Semiconductor production consists of a series of between 200 and 300 processes, and since at every stage impurities are washed away from the product (silicon wafers), vast quantities of water are required. At the Ricoh Group’s Yashiro Plant, which handles the production of our semiconductors, we have been using a highly efficient closed water recycling system since the plant came online in 1989, with the objective of thoroughness in the effective use of water.
The processing of the wafers takes place in a clean room, at which stage ultra pure water is employed. The water from the water pipes is flushed through a pure water production system, in which after initial and then secondary treatment it is turned into ultra pure water and supplied to the production line. The water used on the production line (principally for cleansing wafers) is recovered in the drainage line after being divided into three grades according to the level of impurities it contains. After passing through the pure water collection and processing system the Level 1 drainage water with a comparatively low amount of impurities in it is returned to the pure water production system, and is used again as ultra pure water. By passing the Level 2 drainage water through the pure water collection and processing system it once again becomes pure water (of a lower grade than ultra pure water), and this is used in boilers and as cooling water for freezing units. The Level 3 drainage water undergoes neutralization treatment in the effluent treatment system, and is then flushed down the sewage pipes.
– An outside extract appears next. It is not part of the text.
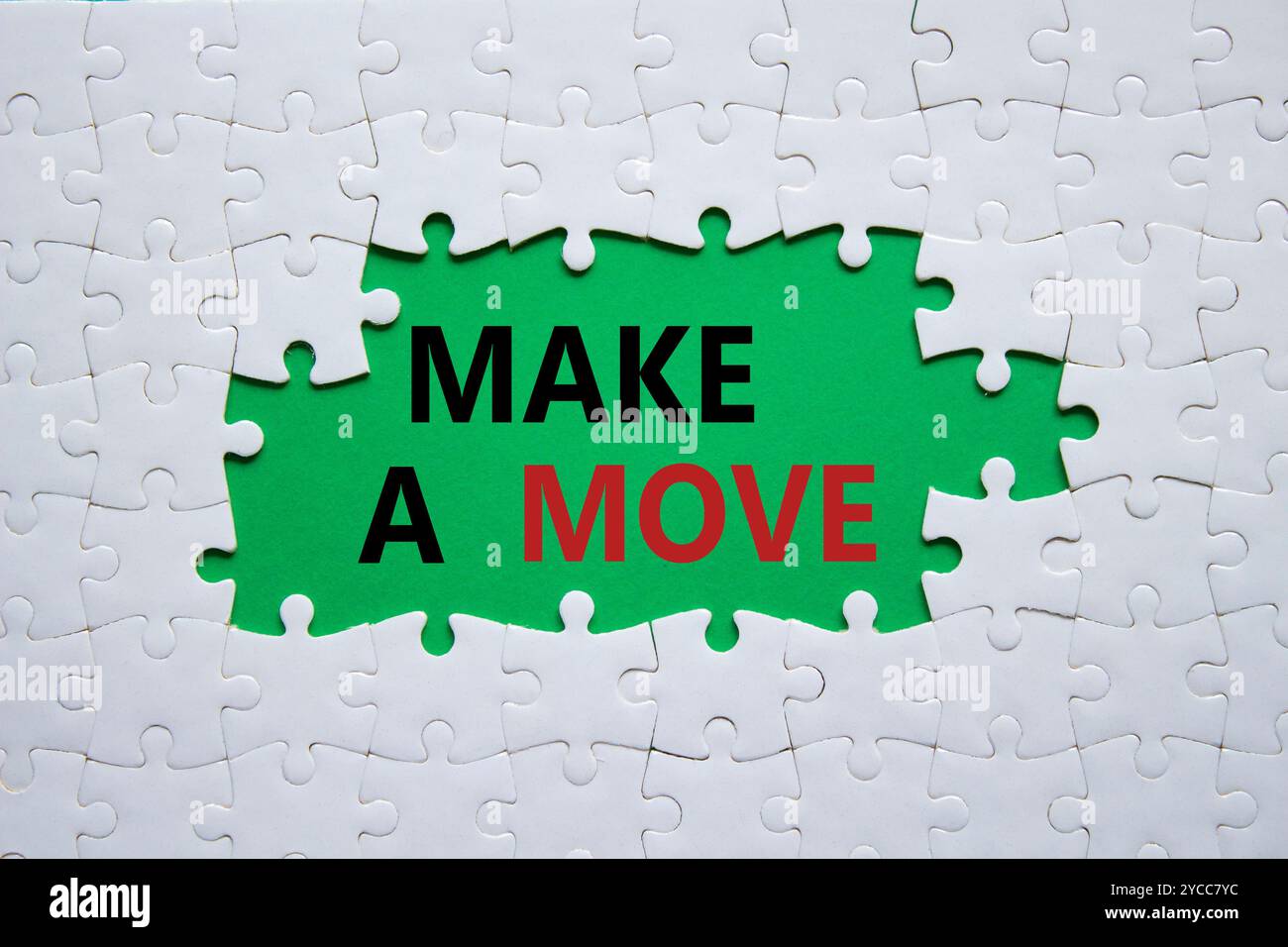 Simbolo di spostamento. Parola concettuale fai una mossa sul puzzle bianco. Bellissimo sfondo verde. Business and Make a Move. Copia spazio Foto Stock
Furthermore, water other than the water used to cleanse wafers that is processed by the closed water recycling system is also subject to recycling activities. For example, the sampling water used to measure dissolved oxygen in once-through boilers is generally flushed away after measuring, but it is now possible for us to reuse it in boilers. When doing so, by altering the position of each device the water is fed to a hot well tank using the difference in elevation, making it possible to reuse the water without any pumps or energy.
At the Yashiro plant these sorts of activities have led to an overall water recycling rate of 63.9%, which means we have reduced the amount of water used on an annual basis by 245,000m3 (actual performance in FY 2012).